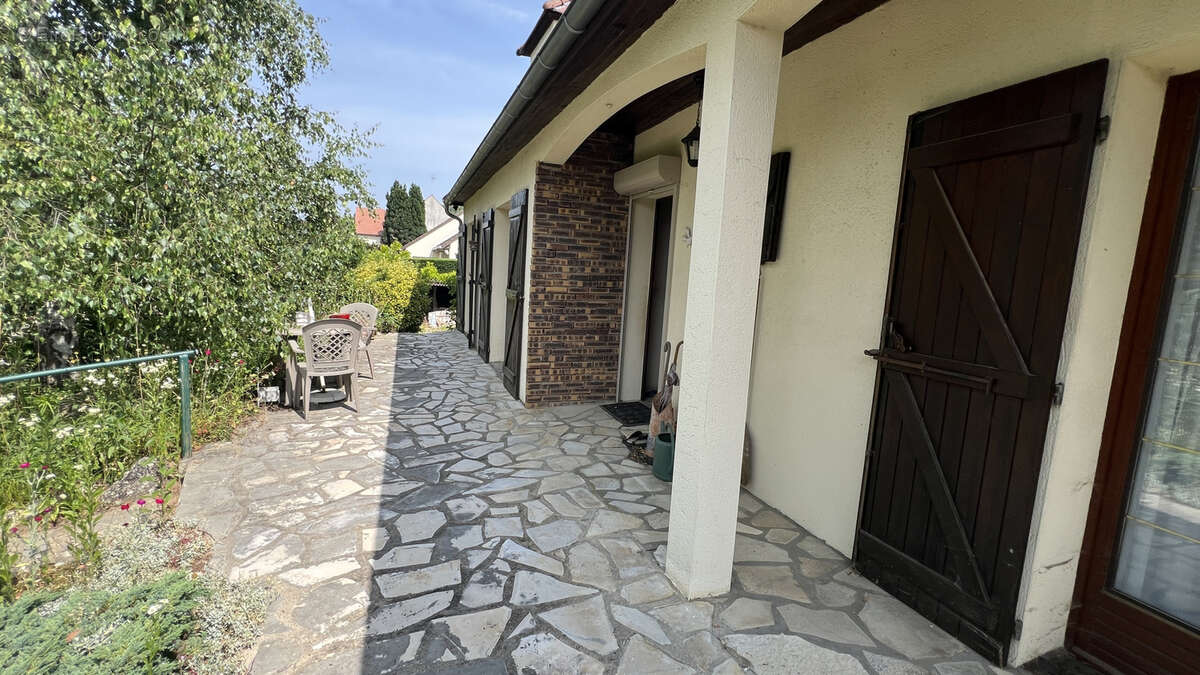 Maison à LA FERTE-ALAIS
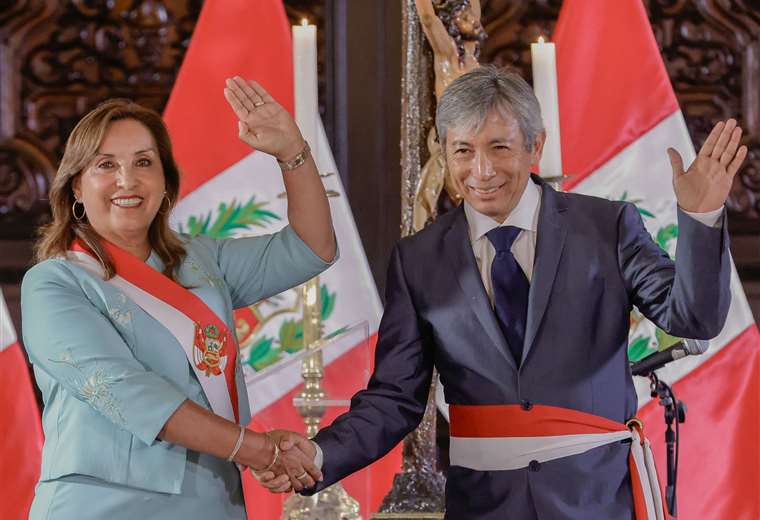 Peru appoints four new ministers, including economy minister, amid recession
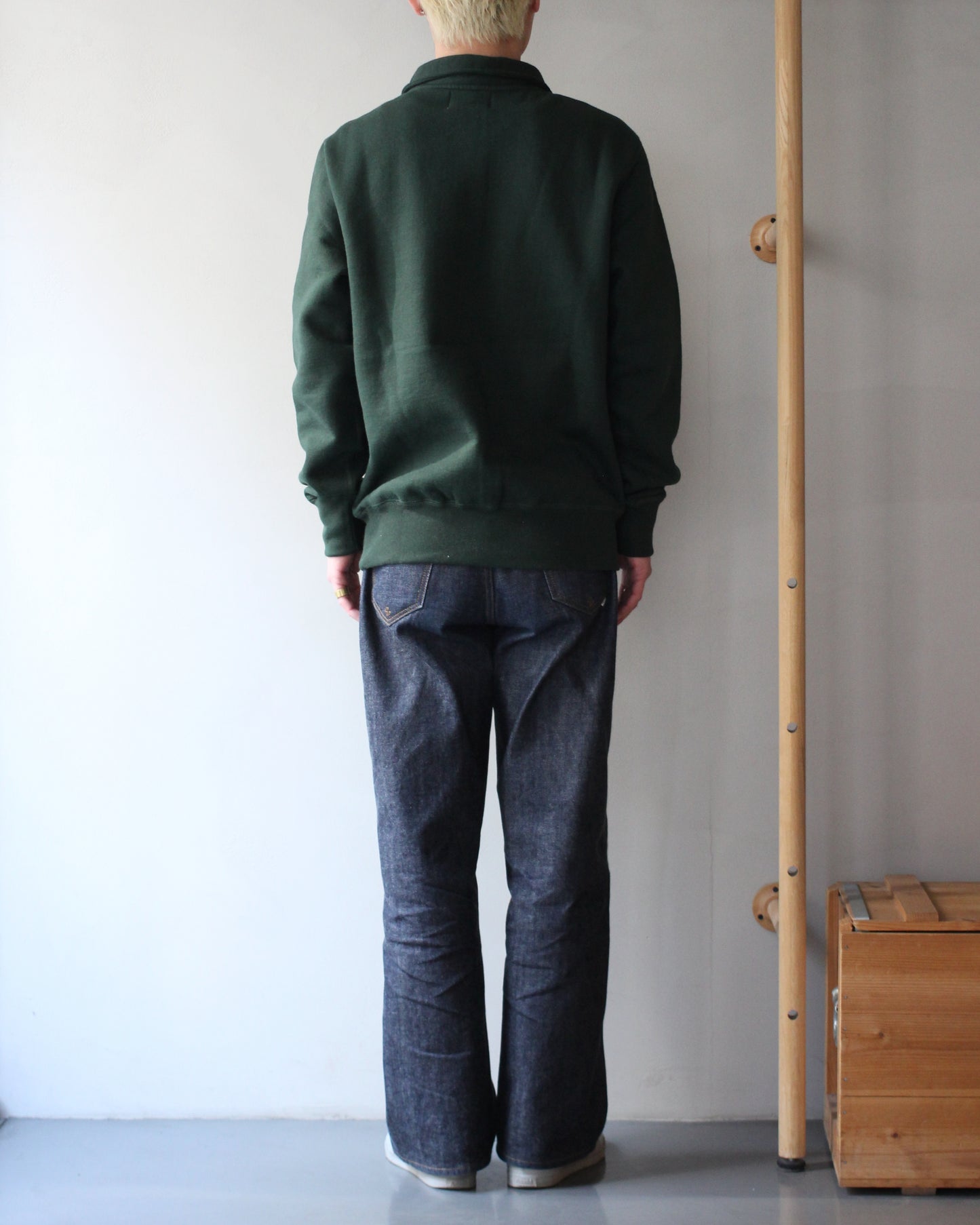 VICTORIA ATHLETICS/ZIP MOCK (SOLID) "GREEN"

*Problem to solve*. Reproduce the data verbatim and omit each image.

*Task solution*.
 Maison à LA FERTE-ALAIS
 Peru appoints four new ministers, including economy minister, amid recession
 VICTORIA ATHLETICS/ZIP MOCK (SOLID) "GREEN"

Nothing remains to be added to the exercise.